KUALA LUMPUR (Aug 4): Shares of Golf retailer MST Golf Bhd, which debuted on the Main Market of Bursa Malaysia two weeks ago, saw heavy selling pressure on Friday (Aug 4), closing at an all-time low of 59.5 sen, down 17 sen or 22.2%.
The counter was among the top losers on the local bourse amid active trade, with 44.48 million shares changing hands throughout the day, more than four times its 200-day average of 9.91 million shares.
Compared to the listing price of 81 sen on July 20, the stock has lost 26.5% of its value. At 59.5 sen, it is currently valued at RM488.42 million.
In fact, MST Golf made a lukewarm debut, ending three sen or 3.7% lower. Since then, the stock has been on a downtrend.
MST Golf executive director and group chief executive officer Ng Yap had attributed the lacklustre debut to the current weak market sentiment.
“The whole reason for this IPO was to raise enough funds to speed up our expansion. To us, we are just focusing on our fundamentals. We have put ourselves in a position to grow our company to the next phase.

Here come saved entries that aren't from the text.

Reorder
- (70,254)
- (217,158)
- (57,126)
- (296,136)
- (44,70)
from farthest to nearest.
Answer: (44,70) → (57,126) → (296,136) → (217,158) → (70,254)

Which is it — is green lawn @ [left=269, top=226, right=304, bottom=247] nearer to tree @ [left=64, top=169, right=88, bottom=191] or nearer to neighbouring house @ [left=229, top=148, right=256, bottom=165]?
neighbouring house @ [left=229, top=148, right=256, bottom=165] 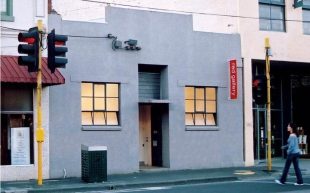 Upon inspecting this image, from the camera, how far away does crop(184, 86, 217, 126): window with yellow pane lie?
954 inches

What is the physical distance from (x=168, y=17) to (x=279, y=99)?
28.6 feet

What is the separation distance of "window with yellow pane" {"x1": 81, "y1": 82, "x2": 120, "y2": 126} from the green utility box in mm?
2937

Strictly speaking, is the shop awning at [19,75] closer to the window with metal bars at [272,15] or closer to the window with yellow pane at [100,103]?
the window with yellow pane at [100,103]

Obviously, we hope for better (share price performance), but it is fine,” he had said.
Prior to the listing, the majority of brokerage firms had been positive on MST Golf’s initial public offering, suggesting investors to subscribe to its shares amid a premium valuation of 27 times price-earnings ratio (PER) based on its earnings per share of three sen in the financial year ended Dec 31, 2022 (FY2022).
In an interview with The Edge recently, Ng had said the valuation for MST Golf is justified, given the group’s strong brand within the golf community.
Nonetheless, with the share price drop, it is now trading at around 20 times PER.
Financially, MST Global posted a net profit of RM8.79 million for 1QFY2023 on a revenue of RM86.29 million.